Staff look for items that "don't belong" in the background environment

Phil Morley acknowledges the possibility that human tissue could find its way into debris handled by the facility. He says staff members receive appropriate inoculations and support from an onsite occupational health team.

After sorting into different grades, the rubble passes through separate ducts to a forensic examining room next door. Here, technicians scour the debris by hand in ventilated search cabinets.

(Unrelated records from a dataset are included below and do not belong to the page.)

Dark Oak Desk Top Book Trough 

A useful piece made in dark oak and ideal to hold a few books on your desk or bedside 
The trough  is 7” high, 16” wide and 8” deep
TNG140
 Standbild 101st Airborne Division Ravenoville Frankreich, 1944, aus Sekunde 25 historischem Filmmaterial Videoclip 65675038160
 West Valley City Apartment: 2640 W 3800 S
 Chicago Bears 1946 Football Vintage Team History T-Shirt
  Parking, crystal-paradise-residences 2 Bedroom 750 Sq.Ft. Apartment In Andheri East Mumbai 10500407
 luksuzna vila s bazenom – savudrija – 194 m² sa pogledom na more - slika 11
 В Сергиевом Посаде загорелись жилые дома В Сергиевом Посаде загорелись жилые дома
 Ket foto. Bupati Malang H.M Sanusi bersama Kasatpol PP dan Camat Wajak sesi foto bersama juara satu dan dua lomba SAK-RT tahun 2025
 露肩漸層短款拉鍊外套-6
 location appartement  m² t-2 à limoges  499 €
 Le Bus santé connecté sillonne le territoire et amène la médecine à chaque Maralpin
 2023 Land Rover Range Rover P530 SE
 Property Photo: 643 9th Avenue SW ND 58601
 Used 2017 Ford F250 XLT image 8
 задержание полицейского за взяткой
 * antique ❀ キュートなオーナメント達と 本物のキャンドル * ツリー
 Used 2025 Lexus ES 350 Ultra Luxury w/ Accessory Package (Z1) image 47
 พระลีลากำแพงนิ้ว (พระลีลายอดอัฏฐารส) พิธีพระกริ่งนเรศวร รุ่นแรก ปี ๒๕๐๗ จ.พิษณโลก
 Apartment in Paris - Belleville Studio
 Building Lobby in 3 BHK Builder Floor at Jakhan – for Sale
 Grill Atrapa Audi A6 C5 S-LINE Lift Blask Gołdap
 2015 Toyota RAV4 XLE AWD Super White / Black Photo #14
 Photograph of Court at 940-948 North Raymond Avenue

The examining room hosts three of these "fume cabinets", each with a differently coloured worktop: one black, one white, one green. The different inlays assist with visual discrimination of the debris, says Mr Morley.

The fume cabinets are equipped with magnets to quickly identify any fragments of metal. Mechanical elements of the bomb such as the remains of timing devices or wires could potentially be linked to a suspect by police.

Out of place

Mr Morley's team works on behalf of a forensic case officer, who is responsible for the crime scene material. At the beginning of the sifting process, the case officer will have briefed the search team on the background environment from which the material has come.

"We're not looking for anything specific, we're just looking for things that are alien to that background environment," Phil Morley explains. When team members find fragments that "don't belong", they put them aside for a case officer to assess in detail.

Case officers undergo rigorous training for a minimum of four years to equip them with skills necessary to safely handle explosives and to examine bomb debris.

The DSTL laboratory has a scientist on-call 24 hours a day to advise UK police services on explosives. Scientists from FEL can be deployed to the scene of an incident on police request.